A description of this painting could be so simple: a bird stands on a semi-circular perch – the upper one of two – its body facing to our right, while its head is turned to look over its shoulder, almost as if it is turning to look at us. The two perches curve around a grey box, which is supported by two similarly grey brackets against a cream coloured wall. The bird is evidently captive: a ring is threaded around the top perch, with one end of a chain attached to it. The other end secures the goldfinch. The chain hangs behind the lower perch, and loops down between the two brackets. The red colouration of the bird’s face, and the golden flash on its wing, tell us it is a goldfinch.
Each separate colour of the plumage is applied with distinct brushstrokes, which are carefully, and on the whole thinly, applied. The exception is perhaps in the yellow of the wings, which seems to have been built up more thickly, an effect known as impasto. Elsewhere the thin strokes do not entirely cover the layers of paint which had been applied earlier, leaving gaps which help us to build up a history of their application. Somehow this technique adds to the feathery texture. At times the strokes were applied ‘wet on wet’ – and the brush has picked up the earlier paints to create streaks of colour – a ‘feathering’ of different paints particularly clear in the buttery brown brushstroke just under the top of the black section of wing, which continues down to the shadow created by the raised yellow feathers. The way in which the paint has been applied suggests that the brush was stroked and dabbed onto the painting to fill in areas of colour with the required subtlety and delicacy – although there is never any attempt to pretend that this is not a painting. On this small scale it looks remarkably painterly. We see the materials involved and the manner of their application, unlike the work of a slightly older artist, also a student of Rembrandt, Gerrit Dou, who is known as a fijnschilder – a ‘fine painter’. His works barely hint at being paintings, their making disguised in a bravura display of what we would now see, anachronistically, as photographic: a highly detailed naturalism. Not that Fabritius shies away from illusion. Look at the thin, gently undulating lines on the perch, strokes with tiny brushes that span the gap between the ring and the goldfinch’s tail, which show the light glinting off the perch. Above and to the left of the ring three small strokes likewise glint off the joint of a hinge: the grey box has a lid which is attached to the wall, and could be lifted up – presumably by the goldfinch itself, looking for food, or maybe water. The Dutch title for this painting is Het puttertje. De put means ‘the well’, and de putter ‘the water drawer’ – someone who draws water from a well. The last syllable, ‘-je’ is a diminutive – ‘the little water drawer’. In the Dutch Republic, goldfinches were trained to pull up water from a bowl in tiny thimble-like buckets. Maybe it’s the protestant work ethic.
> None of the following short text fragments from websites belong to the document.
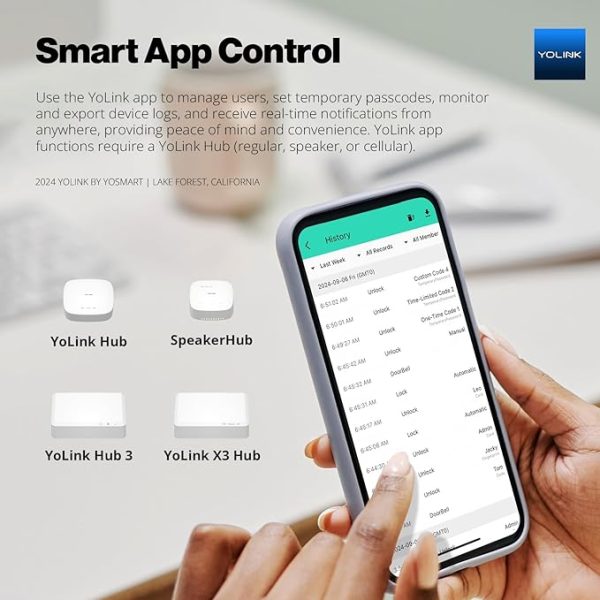 YoLink Smart Deadbolt Lock with Fingerprint, Keypad, IC Card, YoLink Fob and YoLink App Control – LoRa Long Range, Alexa, Google, IFTTT and Home Assistant – YoLink Hub Required on Sale - Image 3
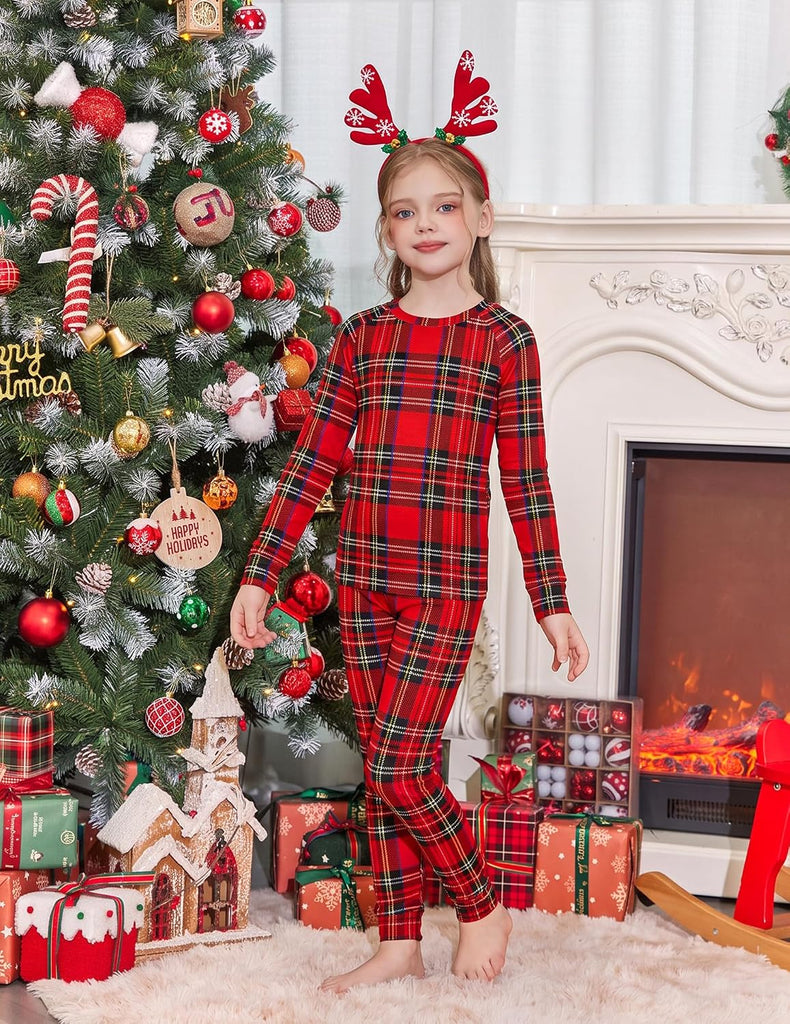 Girls Pajamas Long Sleeve Snug Fit Pjs Set Kids Cute Sleepwear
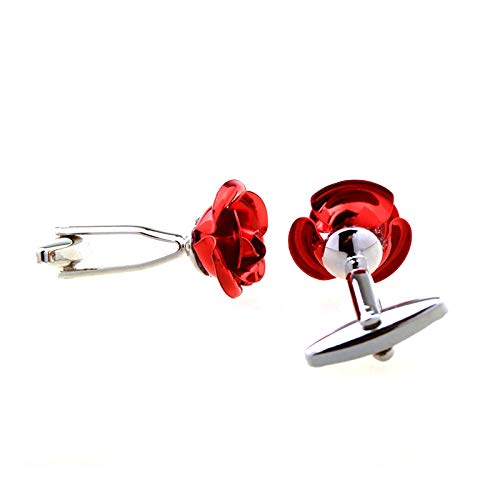 MRCUFF Rose Red Flower Pair of Cufflinks in a Presentation Gift Box with Polishing Cloth3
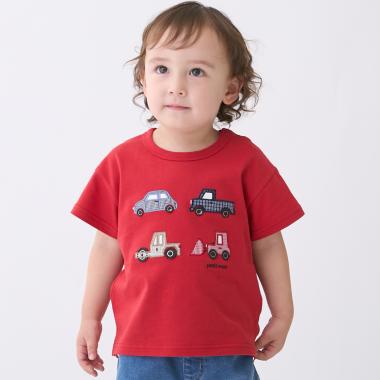 【リンク】ヨット/車アップリケ半袖Tシャツ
What is the point of this detail, you might ask? There is no more information than in the last one – less, if anything, as we can see neither the perch nor the chain. But we can see the background – and there is a lot of it, compared to the size of the Goldfinch. Fabritius was a master of painting walls, creating the texture of the rough plaster with scumbled layers of closely matched paints. He was also a master of negative space: he does not focus in on his subject, as others might, framing them tightly and pushing them forward. Nor does he proclaim the goldfinch’s importance by placing it top centre of the visual field. It is some way down the painting, and off to the right – which only serves to make it seem more real. This is the full width of the top of the painting – which shows you how much space there is to make the goldfinch stand out, to convey its diminutive size, and also, perhaps, its vulnerability. If you look carefully around the edges – at the top, left and right – there seems to be a narrow border which has been painted over. This is part of the original setting of the painting, but I’m afraid I don’t have the space to go into that today: I’ll have to leave it until Monday. It is particularly relevant to Delft! The light comes from the top left, from over our left shoulders – you can see that from the bird’s shadow, below it and to the right.
The direction of the light is confirmed by the shadows of the perches, the upper one cast on the grey box, the lower one onto the wall. And while the shadow to the right of the box may seem to contradict this – the angle goes up to the right – this is the result of the scalloping of the bracket, curving from thin to thick as it goes up. Notice how both perches look as if they curve up from the wall on either side. I have little doubt that they were, in fact, horizontal – this is just a clue that we are looking up. The goldfinch is perched above our heads. To the right of the lower perch, a small area of paint has flaked away, revealing grey plaster underneath. To the right of this there is a clear vertical line which is another remnant of the original setting – which must, as we have just seen, have been high up. However painterly the style – look, for example, at the single, vertical stroke at the top of the right bracket, disguising the brown layer beneath, but barely hiding it – the chain itself is exquisitely delicate, every single link traced onto the surface, with those at the top left glinting in the light, as does the ring which allows the goldfinch a limited freedom of movement, flying back and forth in a prescribed arc, with barely enough space to flap.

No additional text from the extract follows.